Warning(s): Muggle!AU, trigger warnings for suicidal thoughts and implied child abuse.
'It'd been some sort of paranoid disorder,' they had explained. Each person that had visited him held a trace of pity written in their eyes, the tilt of their heads, the way they sat or stood, their body language giving away just how they felt about Harry and his situation. And in response, he chose to stare blankly ahead, between them, through them, the casual shivers and sparks of uneasiness just another reason atop of another, a hill built of nothing but melancholy.
(It wasn't just that he felt it deep within him; it was that the loneliness was bleak and suffocating and dark enough to send him to an edge with which he was familiar, could taste in the very air he breathed, could vaguely hear abounding through the halls, vibrating in its intensity.)

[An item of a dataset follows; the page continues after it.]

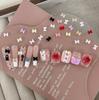 2026 Tendencia Mariposa Decoraciones para Uñas Resina Vintage Mini Pequeño Novia Punta del Dedo Lazo Uñas Pedrería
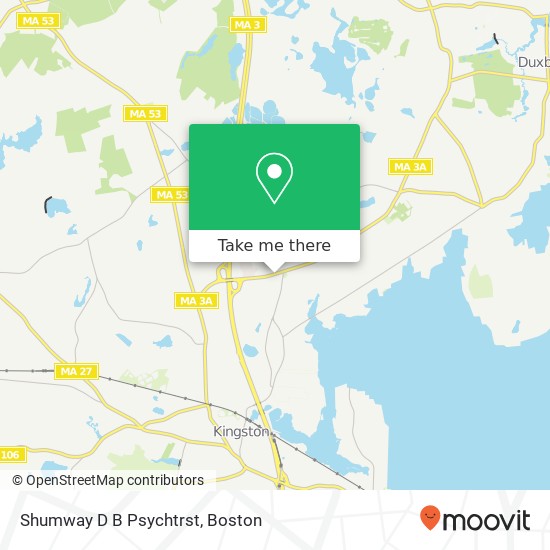 Mapa de Shumway D B Psychtrst, 113 Tremont St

Shrugging his shoulders at their constant streams of words in the shapes of questions and interrogative statements neither helped nor satisfied the individual groups of doctors and nurses and inspectors and teachers that invaded the small, Spartan space that acted as his room. His first real room.
'He'd not understood that he was, in fact, safe,' they had calmly explained. Harry just wanted them to leave, though speaking had become more a burden than a necessity in the past few years. No one ever listened when you were in need of aid, of a helping hand.
The power of the human voice was not, especially, a necessity. A power, it was not.
(He could recall the day he'd asked for that one hand, for that one person to help, but been brushed aside as being sensitive and silly and imaginative; covering up the bruises from his accidents from sight soon became unconscious habit.)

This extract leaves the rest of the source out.